Test Panel is a Dashboard for configuring a cluster of docker containers of Specify 7, with an automatic deployment feature.

The Test Panel is used to easily test different versions of the software and to speed up the QA process for bug fixes by automatically deploying bug fixes that are ready to be tested.

Notable features:

  • Ability to reconfigure an existing deployment, or add a new one
  • Automatic deployment of bug fixes that a ready to test
  • Automatic cleanup of old deployments that are no longer used
  • Beautiful UI
  • GitHub OAuth authentication
  • Regular polling of data to update the status of each deployment
  • Ability to upload/download/drop a database

These features are described in more detail below:

Automatic deployments

A GitHub Webhook has been configured for the Specify 7 repository which pings the test panel to check if some bug is ready to be tested.

A ready-to-be-tested bug is defined as a branch in the Specify 7 repository, for which all automated tests have passed, and which has an associated pull request that has been assigned for review to the QA team (or a member of the team), and has not yet been reviewed. If a pull request has been assigned for review both to a member of the development team and a member of the QA team, the test panel deploys the branch only after the developer has approved the pull request, so as not to waste the QA team's time testing code that may be rejected.

If a maximum number of deployments has already been reached (defined in the config file), the test panel tries to destroy old deployments that haven't been accessed recently.

Automatic deployments
Automatic deployments

Custom deployments

Besides the automated deployments, there is often a need to test a specific branch (e.i. production) in a specific database to replicate a bug or get everything ready for a release.
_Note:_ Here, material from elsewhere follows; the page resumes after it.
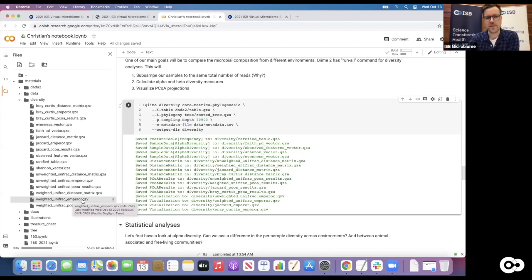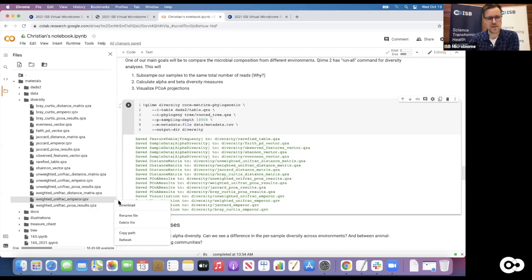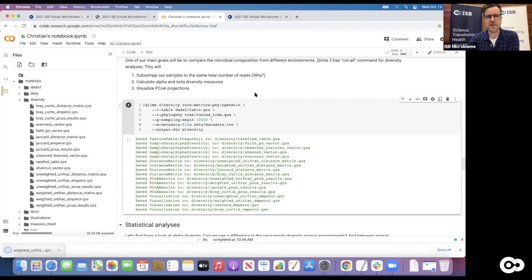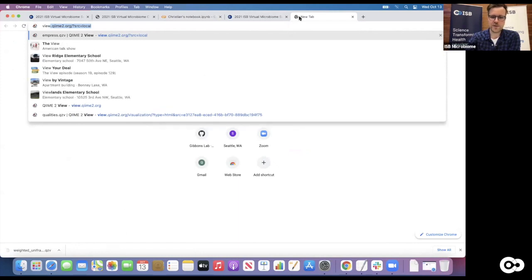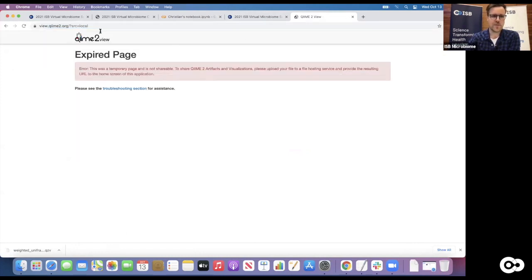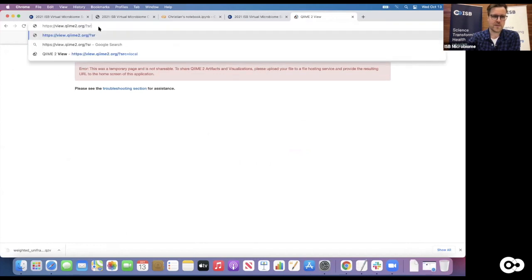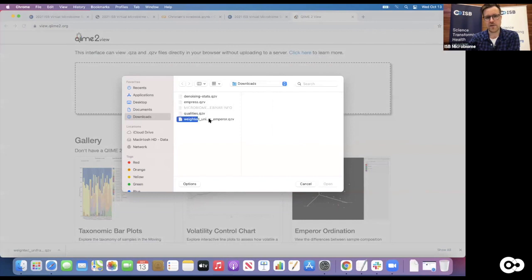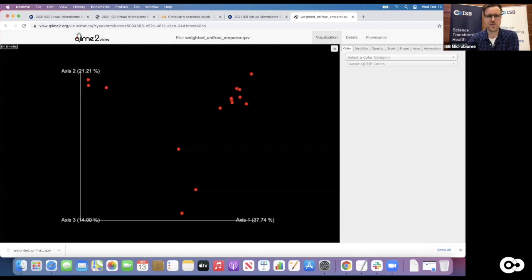That uses everything we have done - it takes phylogenetic similarity into account, whether sequences are very similar or different, it takes the abundances between samples into account, and then the Emperor plugin in QIIME 2 creates those visualizations. Let's download that by clicking the three little dots next to it, clicking download, and then opening it at view.qiime2.org. We open the weighted UniFrac emperor QZV file and it looks pretty nifty - we get that projection, a three-dimensional plot.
For these purposes, any deployment can have its configuration changed. Each deployment has an associated DockerHub tag (created from a HEAD of a GitHub branche), a database, and a data model version

Custom deployments (with dark mode)
Custom deployments (with dark mode)

Database Management

Besides all deployments running in Docker, the test panel itself is Dockerized. Docker composition comes with a MariaDB server to provide databases for deployments.

The dashboard provides a list of databases, a list of users in each database (needed for authentication into a Specify 7 instance), and an ability to upload a new database, download an existing one, or drop it.

Database management (with dark mode)
Database management (with dark mode)

Online demo

For security purposes, the test panel is protected behind a GitHub OAuth authentication, which only permits signing it with accounts that are members of the "specify" GitHub organization. Thus, even though a live version is available at test.specifysystems.org, the dashboard itself is inaccessible. If you want to try out the test panel, I encourage you to deploy it on your machine.

Exhaustive deployment instructions are documented in the README.md

It should be possible to reconfigure the dashboard to serve deployments of software other than Specify 7.

screen (with dark mode)
screen (with dark mode)

Technologies used

  • Docker
  • Javascript ES6+
  • TypeScript
  • React
  • react-modal
  • Next.js
  • Tailwind.CSS
  • MariaDB (and a mysql2 npm dependency)

Things learned

While this project was nice in terms of usability and features (especially after a few incremental updates), it did fall short in one important aspect.

A primary goal of the test panel is to emulate a production environment so that testers can catch bugs before they get discovered by users.

However, as we eventually discovered, the test panel environment differed from production in several important ways.

  • The test panel allows only one password bases sign in. In production, single sign on and anonymous access can be configured. Since these are not available on the test panel, they were not tested, and bugs with these systems fell though the cracks
  • Performance of the test panel does not match an average production system
  • There were quite a few bugs specific to the test panel because of misconfiguration, latency issues, and other factors. If bugs occur only in a test panel, but not in production, it leads to loss of faith in the usefulness of the test panel.

As it often happens, once the test panel came into heavy usage, the issues mentioned above were discovered. Fixing them is an ongoing incremental process, but it showed me the importance of the tool being really good at the core thing it is indented to do.